Exercise data:
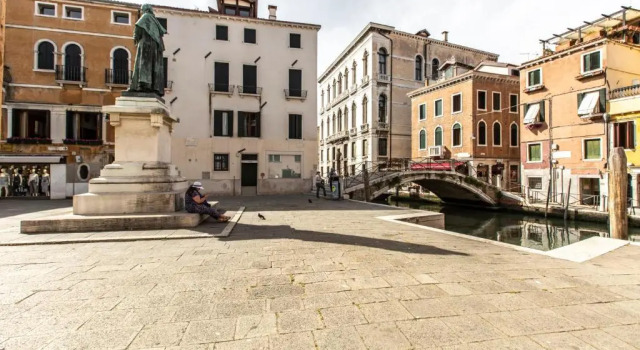 Santa Fosca Canal View R&R, Забронировать Отель Каннареджо Венеция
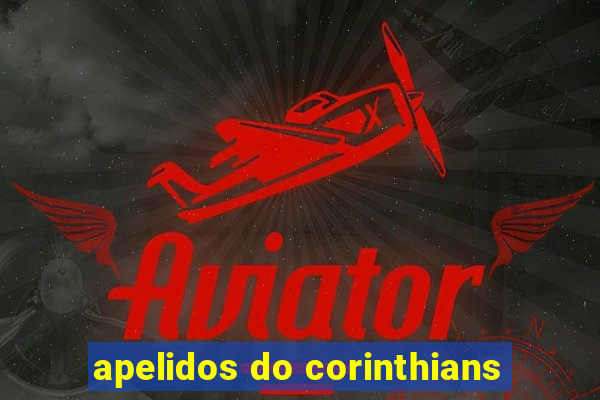 apelidos do corinthians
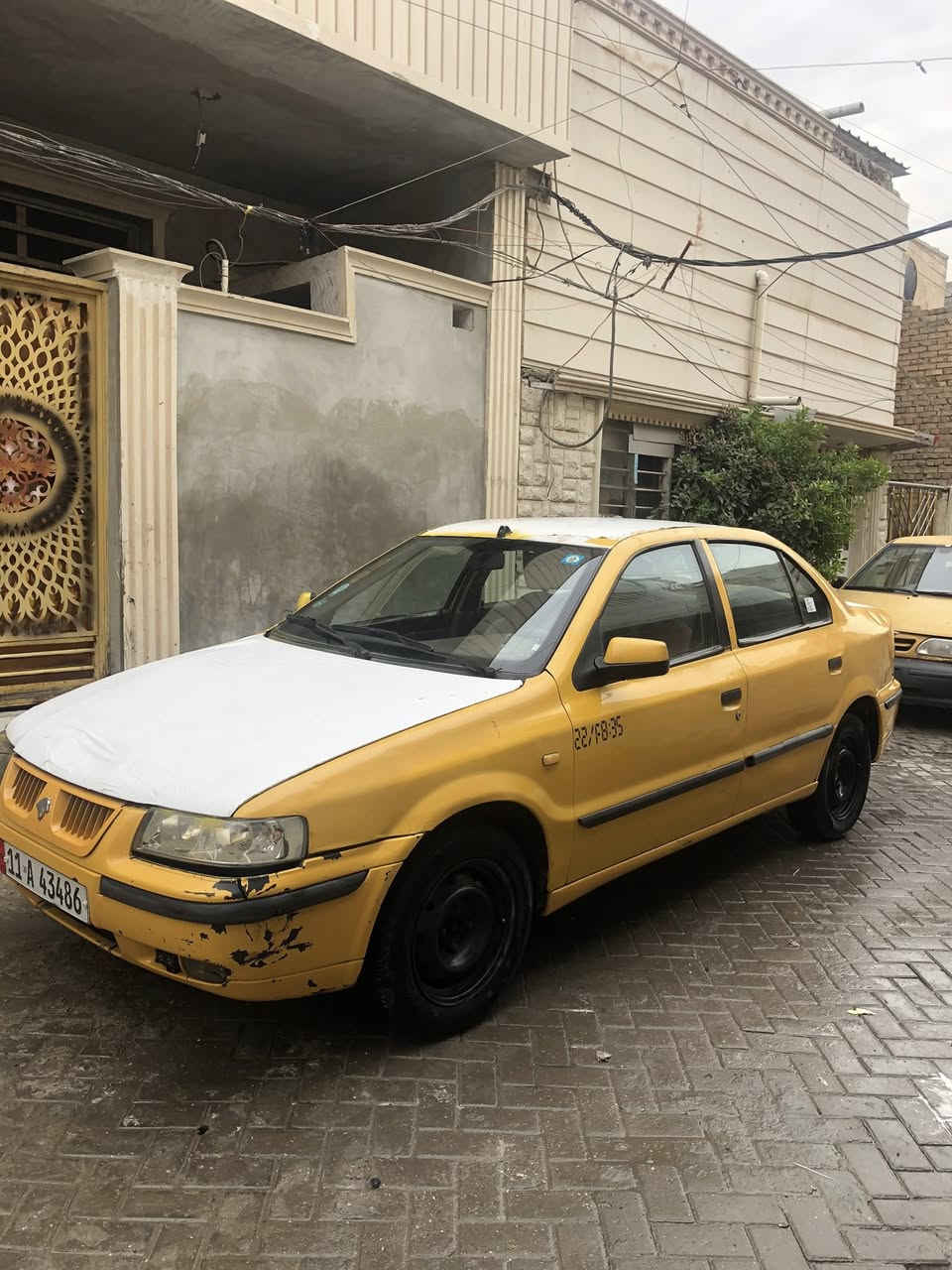 سمند للبيع
رقم بغداد دولي باسمي مصفر هيئه غرامات سنويه لل2030 مكينه كير خير من الله صدرها خلفي وامامي جديد منضومه تبريد كمبريسر جديد تبريد ثلج بيها ملاحضات بسيطه وخياس جاملغ جهه عبري مثل مواضح بل صوره السعر 25 ورقه قفل مكاني بغداد الغدير
***********
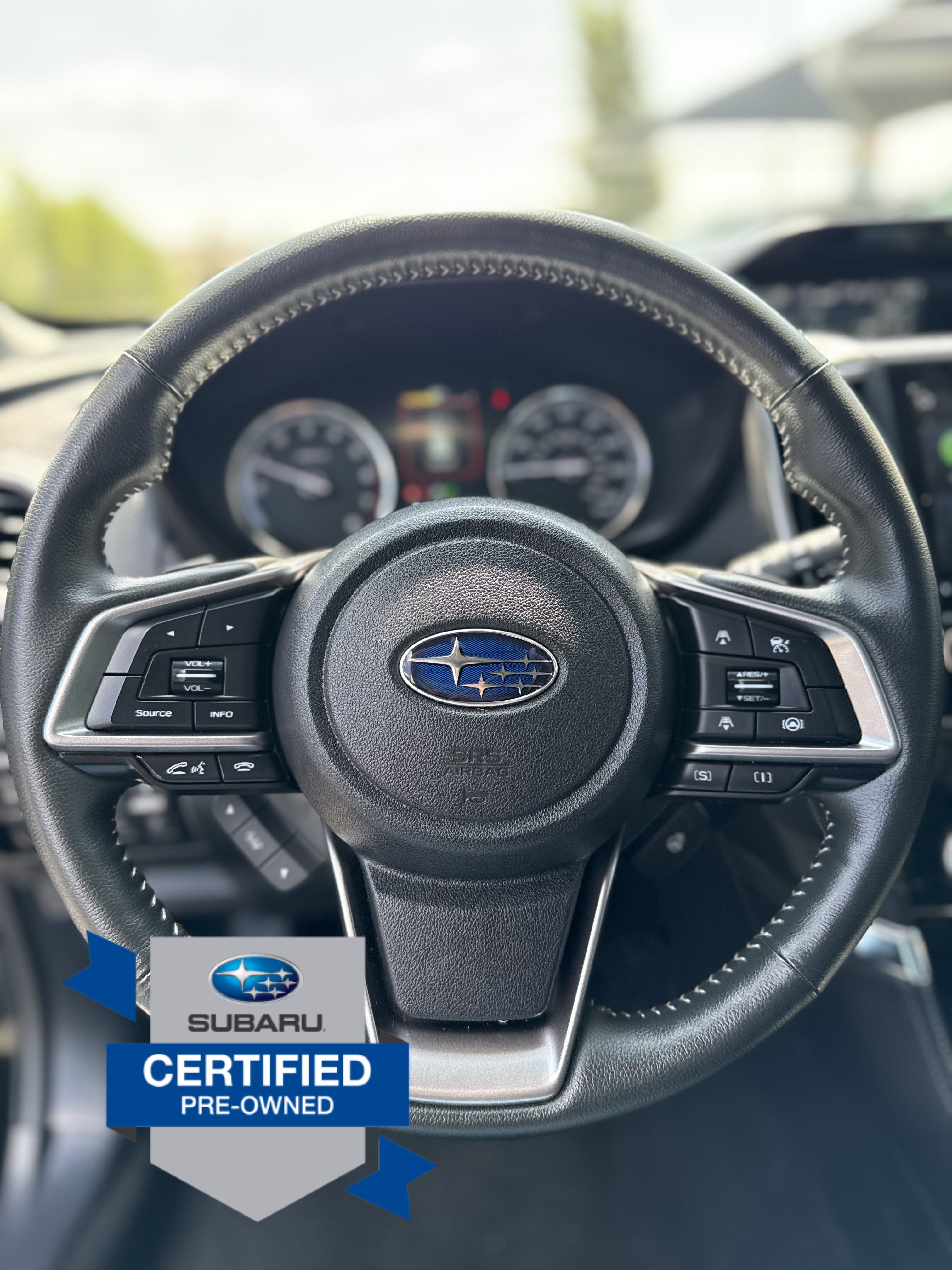 Certified 2023 Subaru Forester Touring w/ Popular Package #2 AWD/4WD image 24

What you should do: Could you repeat the data exactly, omitting its pictures?

Written solution:
 Santa Fosca Canal View R&R, Забронировать Отель Каннареджо Венеция
 apelidos do corinthians
 سمند للبيع
رقم بغداد دولي باسمي مصفر هيئه غرامات سنويه لل2030 مكينه كير خير من الله صدرها خلفي وامامي جديد منضومه تبريد كمبريسر جديد تبريد ثلج بيها ملاحضات بسيطه وخياس جاملغ جهه عبري مثل مواضح بل صوره السعر 25 ورقه قفل مكاني بغداد الغدير
***********
 Certified 2023 Subaru Forester Touring w/ Popular Package #2 AWD/4WD image 24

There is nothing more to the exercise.